Opening with ‘Yun’ featuring Erykah Badu, RM immediately calls for a re-consideration of his previous connotations. A silky piano glides over a skipping bass whilst being held up by a lo-fi drum beat. Stirring underneath is the voice of Yun Hyong-keun, a Korean painter who RM noted as his favourite artist and inspiration for this song. The added voice sample focuses the track, introducing the artistic inspirations on the album. “Fuck the trendsetter” begins RM, a bold statement unheard by the rapper who usually appears within the space of the world’s biggest boyband. Notably the track includes the lyric: “I wanna be a human ‘fore I do some art…” Referencing one of Yun Hyong-keun’s sayings, RM reflects on the thoughts and feelings that have stirred within him due to the artist’s paintings, comparing his own line of work in tangent to his inspiration’s paintings.
RM’s choice of collaborators on ‘Indigo’ feels meticulous. Each track works within the featured artists confines. On ‘Still Alive’ Anderson .Paak delivers a funk-filled track featuring delightful adlibs and inspiring interpretations of life.

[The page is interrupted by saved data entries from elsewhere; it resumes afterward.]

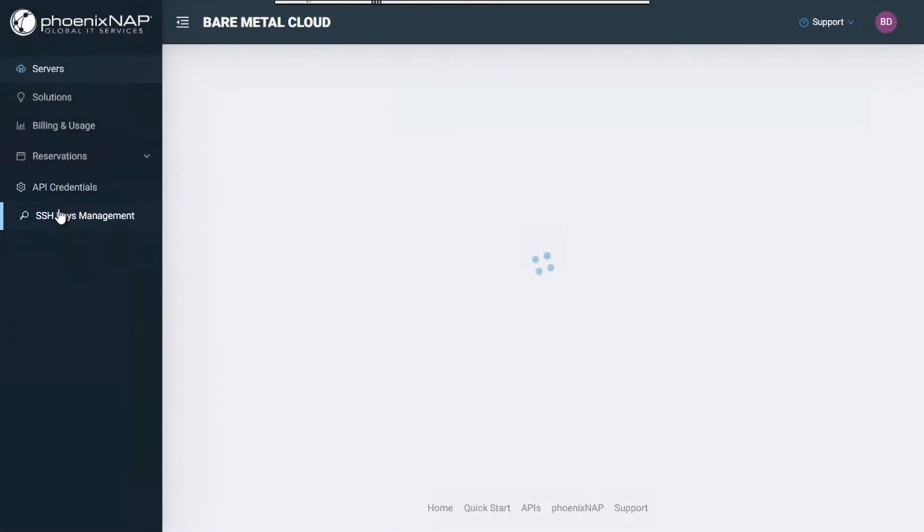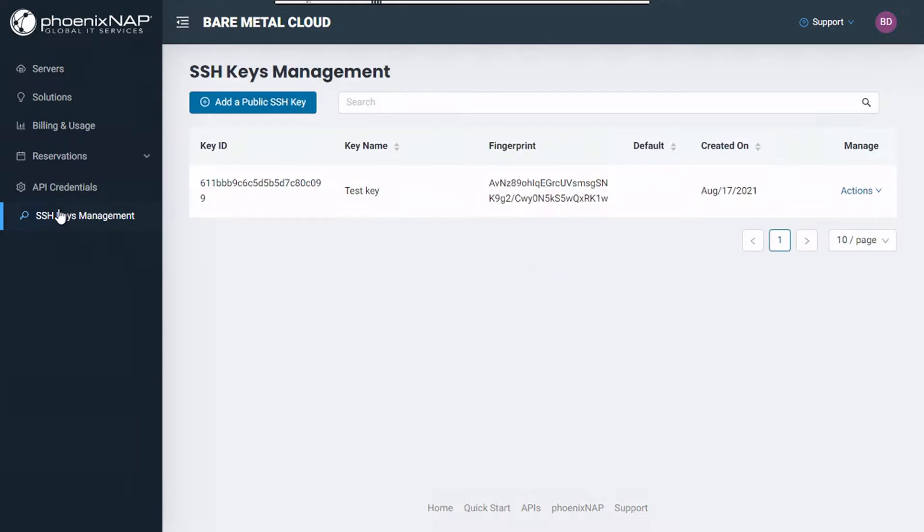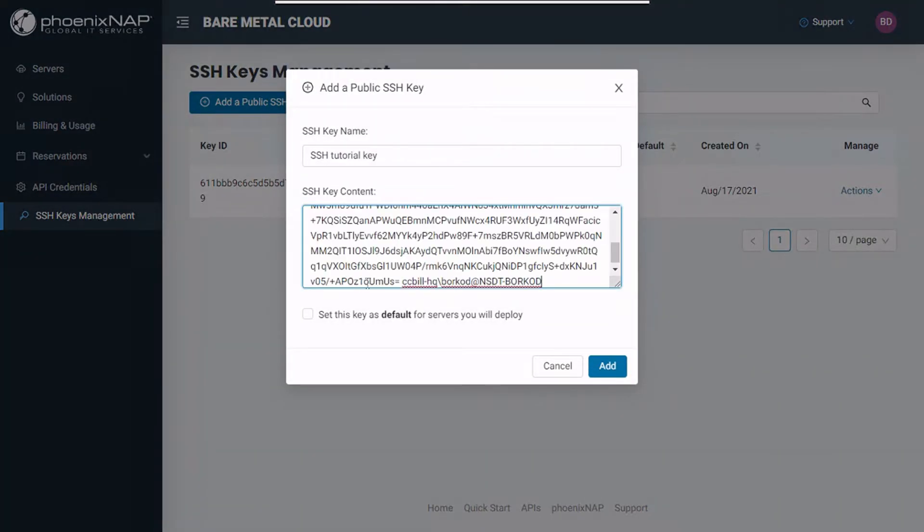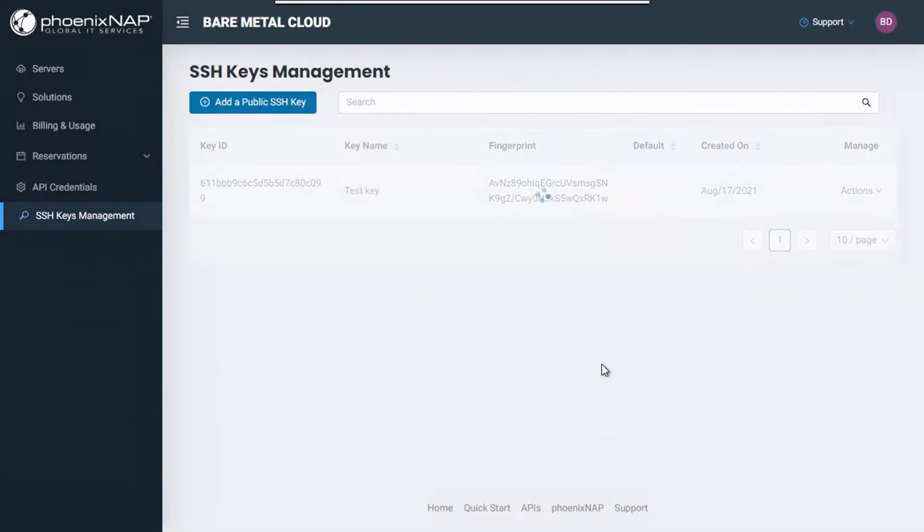The Bare Metal Cloud portal lets you easily access and manage your existing SSH keys through the SSH key management section in the main menu on the left. Here, you can add new public SSH keys by specifying their name and pasting their content. You can set any stored SSH key as default and use it for all your deployments by clicking the box at the bottom of the pop-up window.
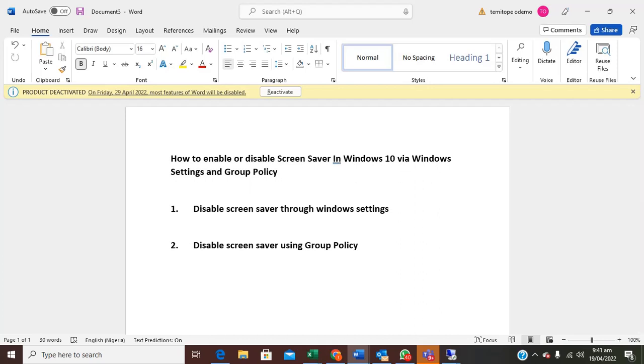Hi, this video is brought to you by TechDirect Archive. How to enable or disable screensaver in Windows 10 via Windows Settings and Group Policy.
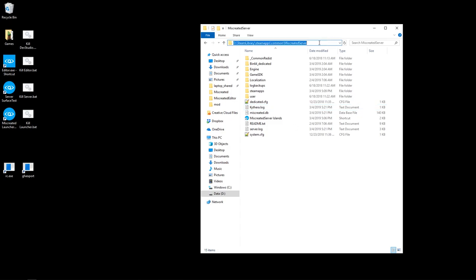The first step is to find where your miscreated server is installed on your computer. If you don't have the self-hosted server, it's on Steam in the tools section. It's called miscreated dedicated server.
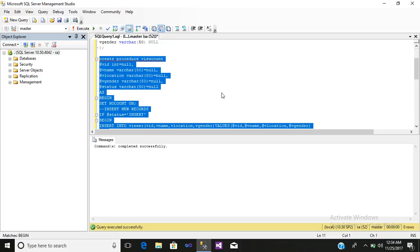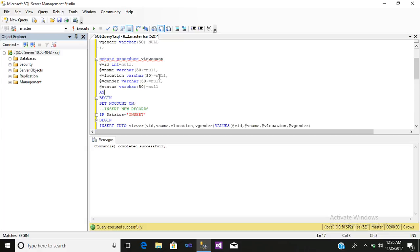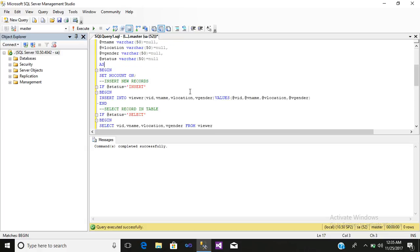In this way you can create your stored procedure where all functionalities such as insert, update, delete, and select can be used to manage various kinds of data. If you want to insert, update, show, or delete records, you can use each functionality by passing the corresponding value in the @status parameter. Hope you like this video — please like, subscribe, share, and keep supporting me. Bye bye!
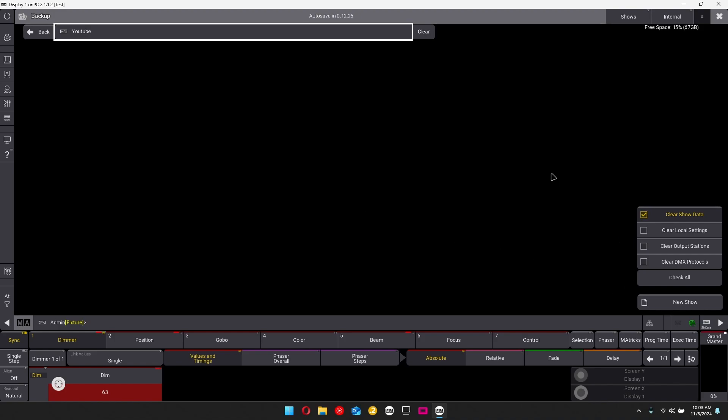And in the right bottom-hand side over here, you can select different options of what you want this show file to do. If you want, when you load it in, you want to clear the show data from the previous show. If you want to clear local settings, output stations, clear DMX protocols.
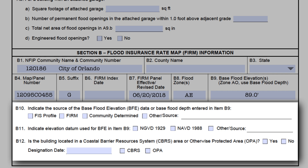Often overlooked on an EC are fields B10, B11, and B12. Be sure you are reviewing these fields when you see an EC from a surveyor. One of the boxes in B10 must be checked when a BFE is given in B9. B10 asks for the source of the BFE — where did the surveyor get the BFE? Did it come from the FIS profile, the FIRM itself, did the community do its own study, or did someone else do a survey? If 'other source' is checked, it must be described in the blank next to it — leaving it blank is an error. The only time B10 can be left blank is when the building is in an unnumbered A zone and no BFE exists. It is also an error if more than one box is checked.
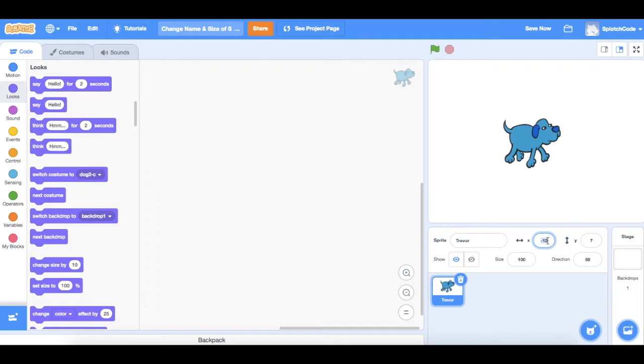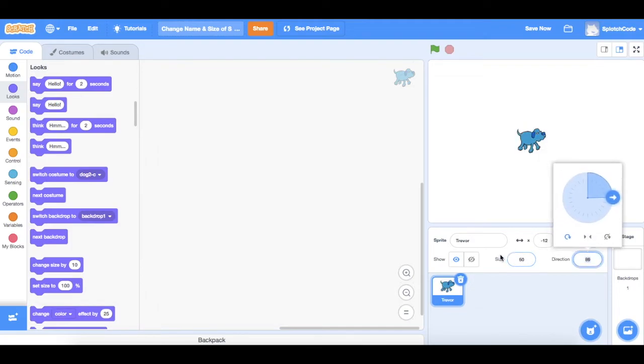If we want to change his size you'll see at the moment his size is 100. If I want to make him a little bit smaller we can make him 50 and he'll shrink right down.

Epik High member Tablo, provides a fun verse on an already classically pop track. ‘Closer’ features an unheard combination of Paul Blanco and Mahalia which ends up being a delicate longing for love.
Despite having an overall lightness in terms of the album’s sound, RM briefly swerves into an electro-rap lane with ‘Change Pt. 2’. With a light whisper RM announces “things change, people change, everything changes” before an electronic screech interrupts a trap beat. The break in sound feels representative of the unexpected curves within life. The interlude appears reminiscent of some of RM’s previous releases, particularly his 2017 track ‘Change’ which challenged issues facing both the West and East at the time. ‘Indigo’ ends with ‘Wild Flower’ and ‘No.2’, both gentle in sound yet their message protruding. ‘Wild Flower’ reiterates RM’s draw to nature and utilising metaphors to grasp his success and where that places him as an individual. ‘No.2’ appears to be a letter to himself, reminding him to be kind, to not look back on the past and instead focus on what’s to come.
‘Indigo’ has redefined previous interpretations of RM. Not entirely separating him from his position within BTS, but instead presenting him as an individual artist. ‘Indigo’ gave us the chance to witness the inner thoughts of RM, his likes, his inspirations, what he has carried with him throughout his journey as an artist. In terms of the album’s sound, it settled with more mainstream pop, yet tracks such as ‘Yun’ and ‘Forg_tful’ felt sincere. ‘Indigo’ is a charming look into the mentality of a global superstar.